I’ve wondered for years why I could never quite grasp Inanna’s full appearance, why She came to me naked and unadorned with face hidden in shadow. The answer is obvious in hindsight; She was forcing me to look past Her silk robes and glittering jewels, Her golden headdress and lapis lazuli scepter, past the various trappings of the Queen of Heaven and instead to the plain flesh beneath. I had no choice but to stare at Her round hips, Her soft stomach, all Her folds and curves which were so lovingly depicted in devotional art over 5500 years ago. She wants me to understand – and truly embrace – the fact that what I find beautiful in Her I cannot vilify in myself. I must respect my body for what it is: an extension of the divine.
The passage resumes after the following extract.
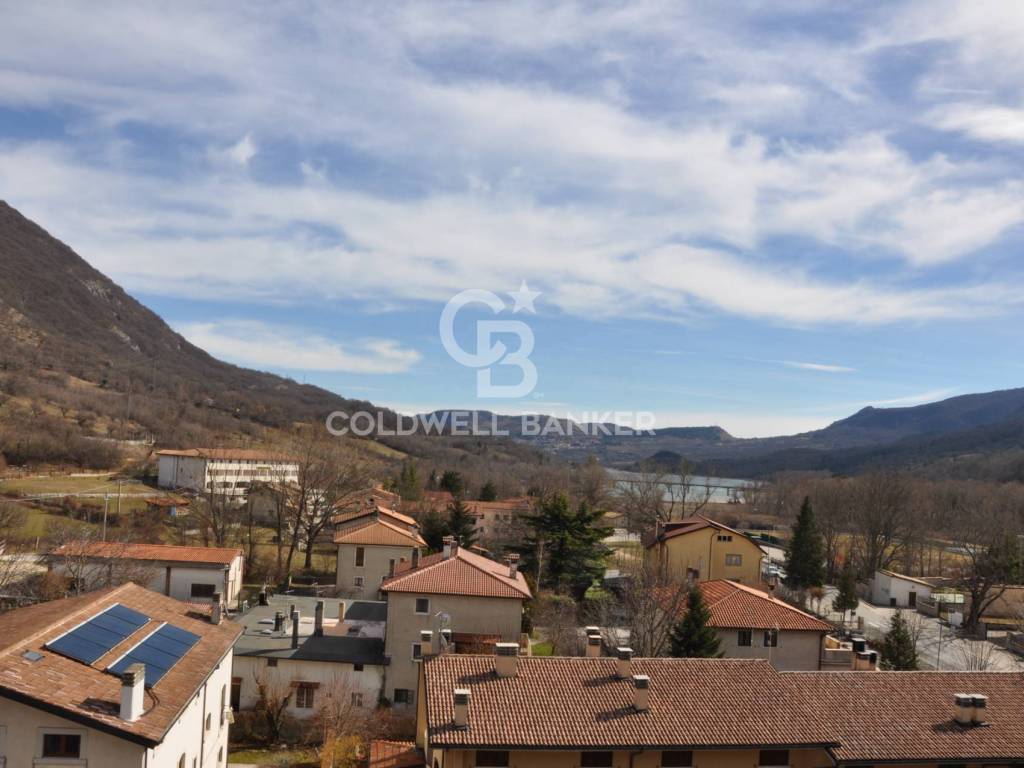 casa indipendente in vendita a Villetta Barrea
My body issues feel insurmountable sometimes. I’m not sure I can even make it through the first gate of this journey the goddess intends for me, let alone all seven. I asked Inanna how I can learn to love my body; She gave me the tarot card Justice as a reminder that I am my own judge and jury and therefore control the harshness or leniency of my sentence. To make any progress I must learn to see my body through a loving lens, not one warped by society’s impossible standards and my own insecurities. Is that, then, the first sacrifice on this journey? Should I – can I – surrender that broken mirror so I may pass through the gate?
I lift my foot. I take the first step.